Here's how Pulse worked. Every minute, a cron job woke up and asked Postgres a simple question: which monitors are due for a check? It ran the checks, then wrote the results back. For every monitor, every minute, it did roughly three writes straight to the database.

// the old hot path: writes to Postgres, every monitor, every minute
await safe("updateMonitor", monitor.id, () =>
  updateMonitor({
    monitorId: monitor.id,
    lastStatus: domain.newStatus,
    lastCheckedAt: now,
    lastResponseTime: result.responseTime,
    consecutiveFailures: domain.consecutiveFailures,
  }),
);

const shouldLog = result.status === "down" || Math.random() < 0.2;
if (shouldLog) {
  await safe("createCheck", monitor.id, () =>
    createCheck({ monitorId: monitor.id /* ...status, timing, code */ }),
  );
}
// ...and one more upsert to keep the daily uptime average fresh

That looks reasonable, right? Two or three small writes a minute per monitor. A tiny price for honest data.

Except go back and read what I said about Neon. The compute sleeps when nothing's happening. And a write every sixty seconds is, by any definition, something happening. So the database never slept. Not once. Every minute, on the minute, my cron reached out and poked it awake, did a few tiny writes, and left it spinning. The meter just ran. And ran. And ran.

I'd accidentally built the one access pattern that's perfectly designed to defeat the entire point of serverless Postgres. I was paying for a database to stay awake 24 hours a day so it could do a few seconds of real work an hour.

Why It Took Me So Long To See It

There's a specific flavour of shame that comes with writing slow, wasteful code and not knowing. It doesn't show up in a stack trace. Nothing turns red. No test fails. The site works. The monitors monitor. It just quietly bleeds money in the background while you walk around certain that everything's fine. I'm honestly more at peace with the bugs that scream. It's the ones that whisper that get me.

The Fix: Buffer, Then Flush

The fix is the kind that's obvious only in hindsight, which I've decided is the most humiliating kind of obvious there is.

Almost none of those writes need to be true the instant they happen. There's exactly one that does. When a site goes down, I want that incident in Postgres now, this second, because it's the audit trail and because the alerts key off it. Everything else is just bookkeeping. Whether the dashboard thinks a monitor was last checked at 14:32:05 or 14:32:08 changes nothing, as long as I get to the right answer eventually.

So here's the move. Don't write it. Hold it somewhere cheap. Flush it to Postgres later, all at once.
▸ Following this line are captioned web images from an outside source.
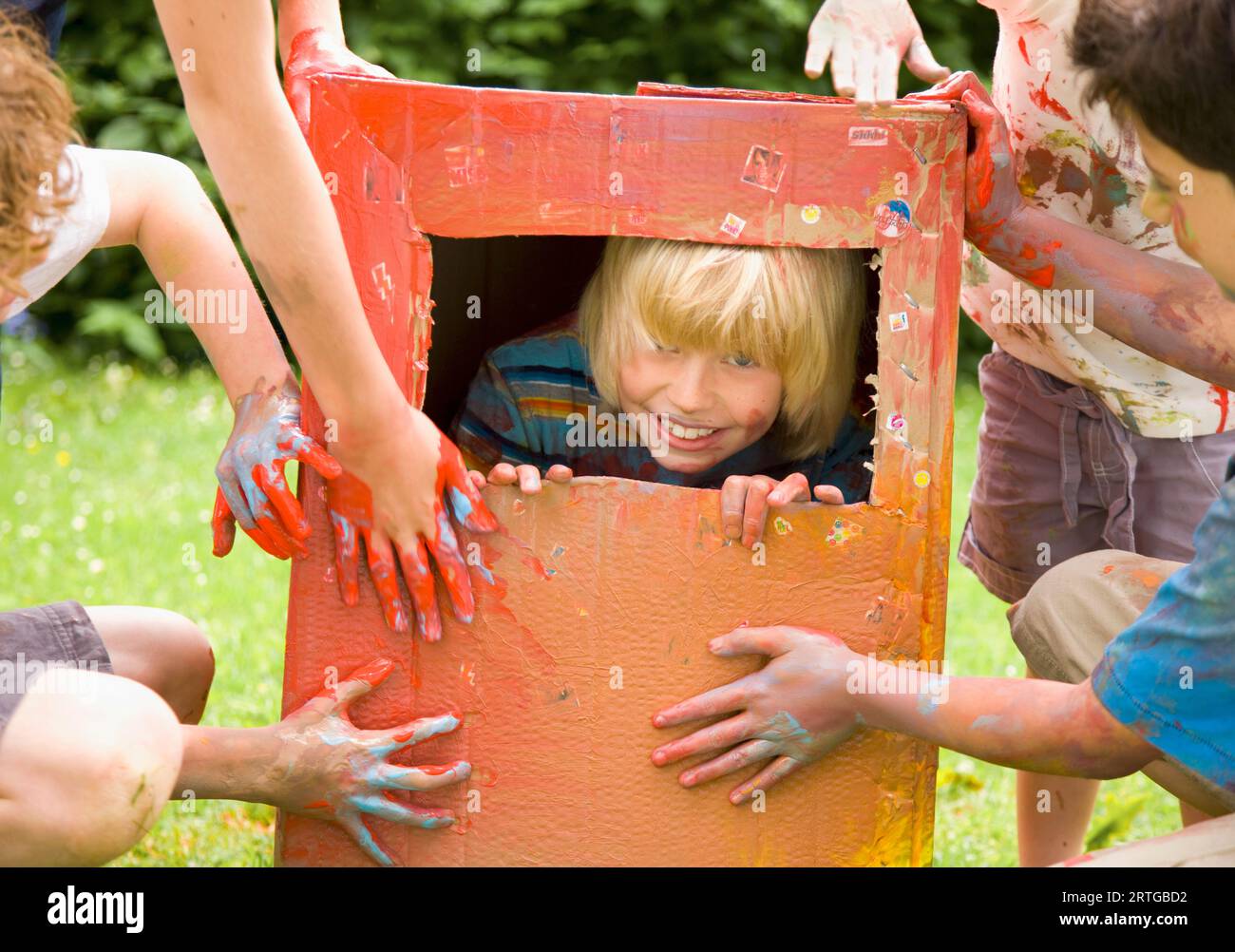 Blonde junge gefangen in einem Karton mit Freunden zu spielen Stockfoto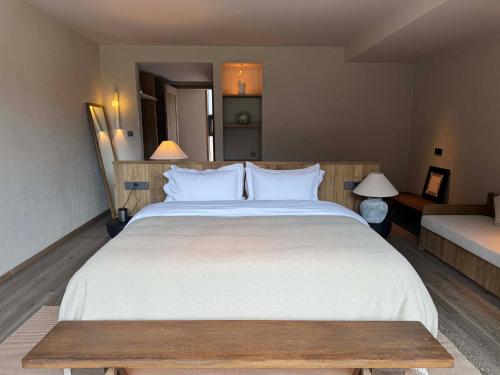 a bedroom with a large white bed and a couch at Siguniang Mountain Star Moon Cliff Hotel in Mount Siguniang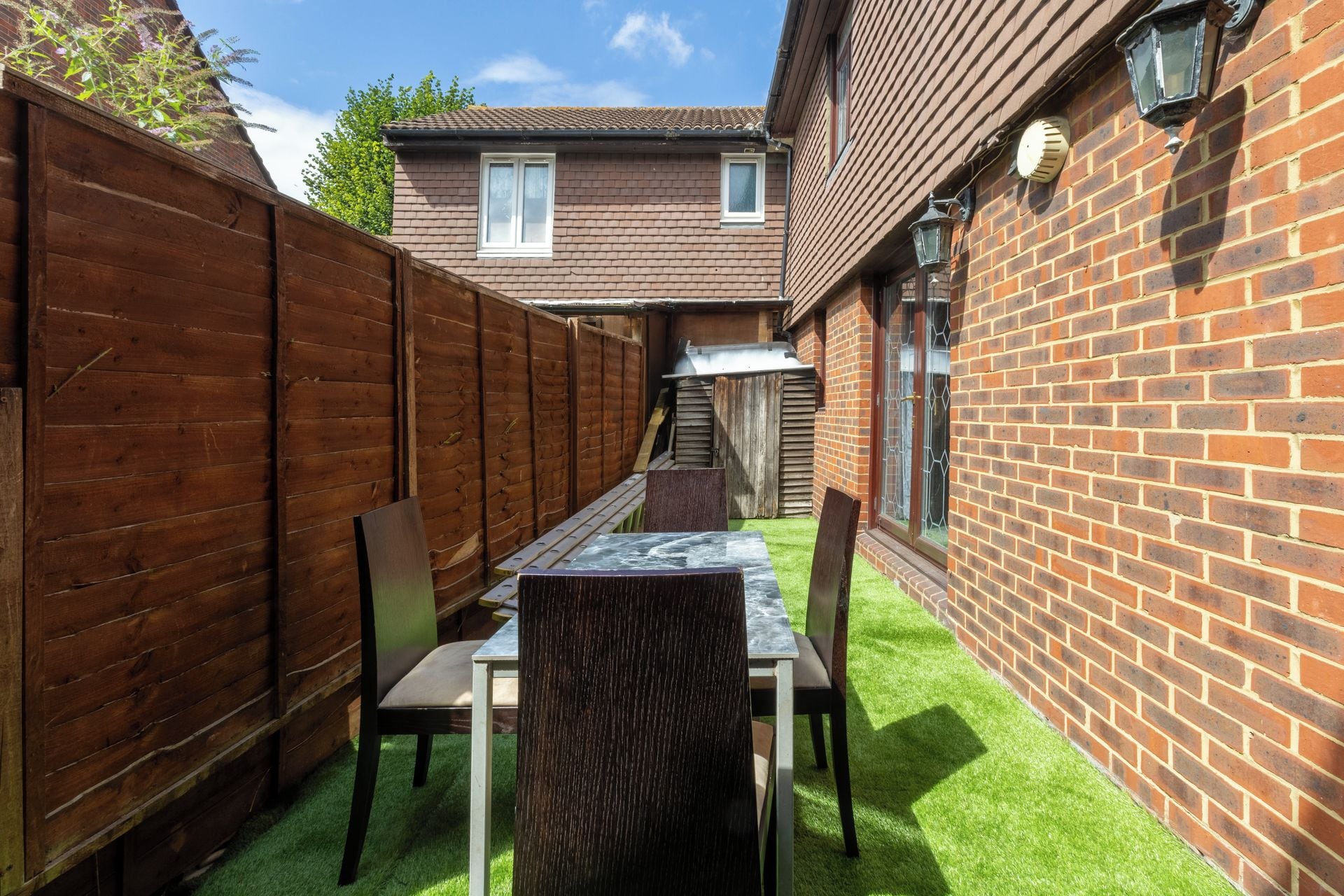 A patio area with a table and chairs, a wooden fence, and a brick wall.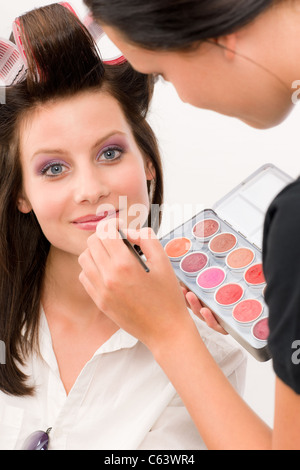 Make-up artist woman fashion model apply lipstick from color palette Stock Photo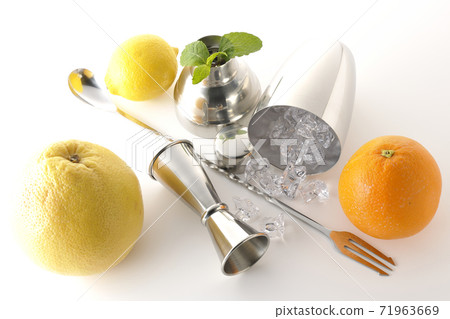 Make a cocktail with a shaker using grapefruit, orange, lemon and mint (white background) Make a cocktail with a shaker using grapefruit, orange, lemon and mint (white background) 71963669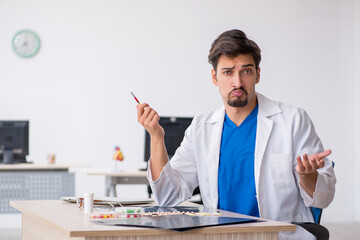 Young male doctor working in the clinic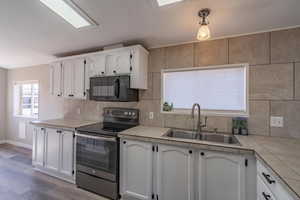 Kitchen featuring electric stove, white cabinetry, and sink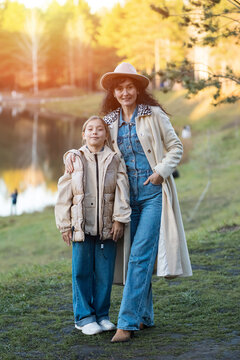 Smiling mother embraces young daughter beside tranquil autumn lake outdoors. Cheerful parent wears stylish hat and trench coat while supporting confident preteen girl on grassy riverbank.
I already had Upstash Redis in the project for rate limiting, so adding a second tenant was nearly free. Now the hot path writes to Redis instead of Postgres. Same shape, same call site, different destination.

// the new hot path: write to Redis, not Postgres
if (cacheEnabled) {
  await safe("setMonitorState", monitor.id, () =>
    setMonitorState(monitor.id, {
      lastStatus: domain.newStatus,
      lastCheckedAt: now.toISOString(),
      lastResponseTime: result.responseTime,
      consecutiveFailures: domain.consecutiveFailures,
    }),
  );
}

The monitor's latest status goes into a Redis hash. Individual checks pile up in a list. The daily counters tick along as Redis integers. Every write also drops the monitor's id into a "dirty" set, so that later, the flush knows exactly what it has to drain and nothing more.

Then, at the end of every tick, the cron asks one more question: how long's it been since I last flushed?

export async function shouldFlush(): Promise<boolean> {
  if (!redis) return false;
  const last = await redis.get<number>(KEY.flushedAt);
  if (!last) return true;
  const elapsed = Math.floor(Date.now() / 1000) - last;
  return elapsed >= intervalSeconds(); // defaults to 3600, i.e. one hour
}

If it's been an hour, it drains everything out of Redis and writes it to Postgres in batches. One transaction for all the monitor states. One bulk insert for all the buffered checks. One upsert per monitor for the daily aggregates. Then it stamps the clock and goes quiet again. Which means the database gets poked awake once an hour instead of sixty times an hour, does one slightly bigger chunk of work, and goes back to sleep.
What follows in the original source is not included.